Similarly, the vineyards are placed on steep sun-facing slopes in order to provide the best exposure. The natural landscape has therefore been carved into layers of terraces in a way similar to the Duoro Valley.

The steep slopes and narrow terraces combined with the latade style vineyards make mechanised grape harvesting impossible. Therefore, it must be undertaken by hand.

Furthermore, Madeira wine can be made from at least seven of its most common different grape varieties. As they ripen at different times, the island’s harvest season is labour-intensive, exhausting, and particularly long!

Madeira Wine Fermentation

The way that each grape variety is macerated and fermented can vary. For instance, the driest white variety Sercial as well as the red grapes Tinta Negra and Complexa are fermented without the skins to reduce the tannins and produce a light wine.

Meanwhile, other white varieties are often macerated with the skins to impart a greater level of phenols, which help balance their natural sweetness.

The juices are then fermented in stainless steel tanks. Occasionally, producers use techniques like auto-vinification, which uses pressure to spray the grape skins with its own must to increase contact between the two.

Fortifying Madeira Wine

Fermentation is eventually halted by introducing a 96% ABV natural grape spirit to the wine in a process called “mutage”. By bringing the wine’s alcoholic content to between 17.5% and 21%, the yeast that converts the sugars into alcohol become dormant.

The earlier the yeast is made dormant, the more residual sugars remain, which results in a sweeter wine. Depending on the grape variety, the alcohol may be added at different stages of fermentation by regularly checking the “Beaumé” sweetness level.

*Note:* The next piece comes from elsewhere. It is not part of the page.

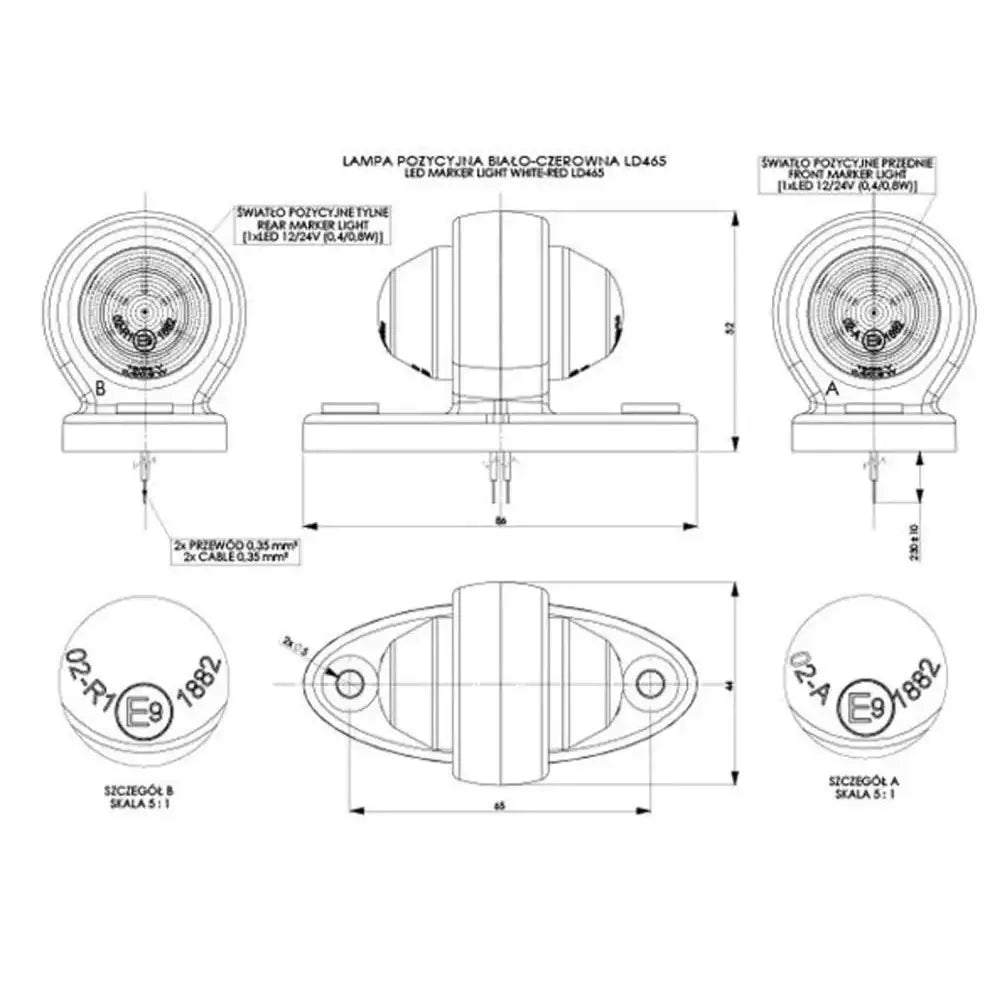 Markeringslampe for Tilhengere Led Horpol Ld 465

The sweetest wines are fortified after just 24 hours of whereas drier styles may be fermented for up to a week. You can learn more about the different varieties and sweetness levels in our guide to the different types of Madeira wine.

How Madeira Is Aged

Firstly, Madeira is primarily matured with an emphasis on oxidative ageing. Therefore, it spends most of the process in porous oak casks that are only half-filled to increase the wine’s exposure to oxygen.

While the wood does impart some flavour, older casks are used in order to reduce its influence. Instead, the wine takes on most of its character from its prolonged contact with air.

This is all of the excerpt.